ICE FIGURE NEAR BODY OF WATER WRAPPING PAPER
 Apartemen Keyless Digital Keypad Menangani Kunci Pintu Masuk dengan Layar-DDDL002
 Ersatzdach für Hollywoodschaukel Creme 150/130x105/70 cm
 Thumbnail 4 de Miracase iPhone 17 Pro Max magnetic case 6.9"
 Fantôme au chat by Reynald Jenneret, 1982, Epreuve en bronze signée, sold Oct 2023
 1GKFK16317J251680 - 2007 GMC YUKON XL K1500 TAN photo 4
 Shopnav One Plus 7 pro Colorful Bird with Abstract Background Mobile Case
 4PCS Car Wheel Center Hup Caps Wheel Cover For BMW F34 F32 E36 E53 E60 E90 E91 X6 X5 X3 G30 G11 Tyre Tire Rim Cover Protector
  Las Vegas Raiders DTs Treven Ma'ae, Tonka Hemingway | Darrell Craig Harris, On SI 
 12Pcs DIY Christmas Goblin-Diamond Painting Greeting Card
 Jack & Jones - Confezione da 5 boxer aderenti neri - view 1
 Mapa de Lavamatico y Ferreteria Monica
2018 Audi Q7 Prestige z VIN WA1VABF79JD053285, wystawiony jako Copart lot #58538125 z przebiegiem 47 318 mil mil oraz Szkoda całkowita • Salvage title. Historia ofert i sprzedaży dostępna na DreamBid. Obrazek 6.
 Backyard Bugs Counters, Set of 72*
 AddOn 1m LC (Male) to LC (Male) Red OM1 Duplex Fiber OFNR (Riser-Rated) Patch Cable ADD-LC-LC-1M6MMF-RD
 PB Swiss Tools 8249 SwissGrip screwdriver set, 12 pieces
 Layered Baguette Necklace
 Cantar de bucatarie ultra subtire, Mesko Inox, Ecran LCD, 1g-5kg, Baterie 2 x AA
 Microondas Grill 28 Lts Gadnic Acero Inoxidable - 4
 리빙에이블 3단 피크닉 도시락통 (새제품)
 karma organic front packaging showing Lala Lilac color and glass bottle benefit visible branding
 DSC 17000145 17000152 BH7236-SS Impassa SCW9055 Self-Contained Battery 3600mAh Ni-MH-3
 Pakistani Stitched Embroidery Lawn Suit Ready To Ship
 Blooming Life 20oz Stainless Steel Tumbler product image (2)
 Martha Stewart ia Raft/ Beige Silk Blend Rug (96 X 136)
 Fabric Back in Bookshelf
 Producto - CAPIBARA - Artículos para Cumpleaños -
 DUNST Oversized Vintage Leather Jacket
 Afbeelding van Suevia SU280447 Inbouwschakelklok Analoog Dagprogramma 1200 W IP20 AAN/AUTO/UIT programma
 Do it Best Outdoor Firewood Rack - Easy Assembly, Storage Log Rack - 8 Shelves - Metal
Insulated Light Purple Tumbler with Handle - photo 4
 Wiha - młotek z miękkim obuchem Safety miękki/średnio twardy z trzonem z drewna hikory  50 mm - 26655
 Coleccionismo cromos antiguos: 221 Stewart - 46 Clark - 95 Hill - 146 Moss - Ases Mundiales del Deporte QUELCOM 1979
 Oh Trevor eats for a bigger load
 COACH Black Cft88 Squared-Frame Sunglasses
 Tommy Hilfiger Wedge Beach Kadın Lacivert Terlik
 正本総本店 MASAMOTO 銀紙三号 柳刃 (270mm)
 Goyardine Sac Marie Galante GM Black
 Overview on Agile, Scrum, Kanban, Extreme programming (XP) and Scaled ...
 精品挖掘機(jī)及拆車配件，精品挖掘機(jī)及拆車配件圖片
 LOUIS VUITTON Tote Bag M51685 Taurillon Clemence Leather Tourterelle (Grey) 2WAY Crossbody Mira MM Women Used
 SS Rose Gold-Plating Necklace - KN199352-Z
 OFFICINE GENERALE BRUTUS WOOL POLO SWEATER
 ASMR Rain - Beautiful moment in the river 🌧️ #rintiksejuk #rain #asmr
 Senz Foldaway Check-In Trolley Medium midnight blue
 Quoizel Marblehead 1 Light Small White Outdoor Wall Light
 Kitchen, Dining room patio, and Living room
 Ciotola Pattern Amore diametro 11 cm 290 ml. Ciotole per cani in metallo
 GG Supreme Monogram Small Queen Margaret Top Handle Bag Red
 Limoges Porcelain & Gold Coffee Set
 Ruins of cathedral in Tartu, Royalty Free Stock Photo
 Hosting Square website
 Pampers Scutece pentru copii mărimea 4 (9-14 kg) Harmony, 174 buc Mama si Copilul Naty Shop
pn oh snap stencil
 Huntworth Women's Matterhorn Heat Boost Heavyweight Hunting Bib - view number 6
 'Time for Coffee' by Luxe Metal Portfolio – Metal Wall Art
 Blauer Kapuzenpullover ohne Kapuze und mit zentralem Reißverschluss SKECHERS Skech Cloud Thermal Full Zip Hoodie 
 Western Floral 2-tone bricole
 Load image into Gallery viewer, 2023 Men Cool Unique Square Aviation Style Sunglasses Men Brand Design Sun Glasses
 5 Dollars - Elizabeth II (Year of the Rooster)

**How to complete this task**.
Return word for word the lines above from the line with "Wiha - młotek" to the line with "Metal Wall Art", including both and leaving out all others.

**Reply to the exercise**.
 Wiha - młotek z miękkim obuchem Safety miękki/średnio twardy z trzonem z drewna hikory  50 mm - 26655
 Coleccionismo cromos antiguos: 221 Stewart - 46 Clark - 95 Hill - 146 Moss - Ases Mundiales del Deporte QUELCOM 1979
 Oh Trevor eats for a bigger load
 COACH Black Cft88 Squared-Frame Sunglasses
 Tommy Hilfiger Wedge Beach Kadın Lacivert Terlik
 正本総本店 MASAMOTO 銀紙三号 柳刃 (270mm)
 Goyardine Sac Marie Galante GM Black
 Overview on Agile, Scrum, Kanban, Extreme programming (XP) and Scaled ...
 精品挖掘機(jī)及拆車配件，精品挖掘機(jī)及拆車配件圖片
 LOUIS VUITTON Tote Bag M51685 Taurillon Clemence Leather Tourterelle (Grey) 2WAY Crossbody Mira MM Women Used
 SS Rose Gold-Plating Necklace - KN199352-Z
 OFFICINE GENERALE BRUTUS WOOL POLO SWEATER
 ASMR Rain - Beautiful moment in the river 🌧️ #rintiksejuk #rain #asmr
 Senz Foldaway Check-In Trolley Medium midnight blue
 Quoizel Marblehead 1 Light Small White Outdoor Wall Light
 Kitchen, Dining room patio, and Living room
 Ciotola Pattern Amore diametro 11 cm 290 ml. Ciotole per cani in metallo
 GG Supreme Monogram Small Queen Margaret Top Handle Bag Red
 Limoges Porcelain & Gold Coffee Set
 Ruins of cathedral in Tartu, Royalty Free Stock Photo
 Hosting Square website
 Pampers Scutece pentru copii mărimea 4 (9-14 kg) Harmony, 174 buc Mama si Copilul Naty Shop
pn oh snap stencil
 Huntworth Women's Matterhorn Heat Boost Heavyweight Hunting Bib - view number 6
 'Time for Coffee' by Luxe Metal Portfolio – Metal Wall Art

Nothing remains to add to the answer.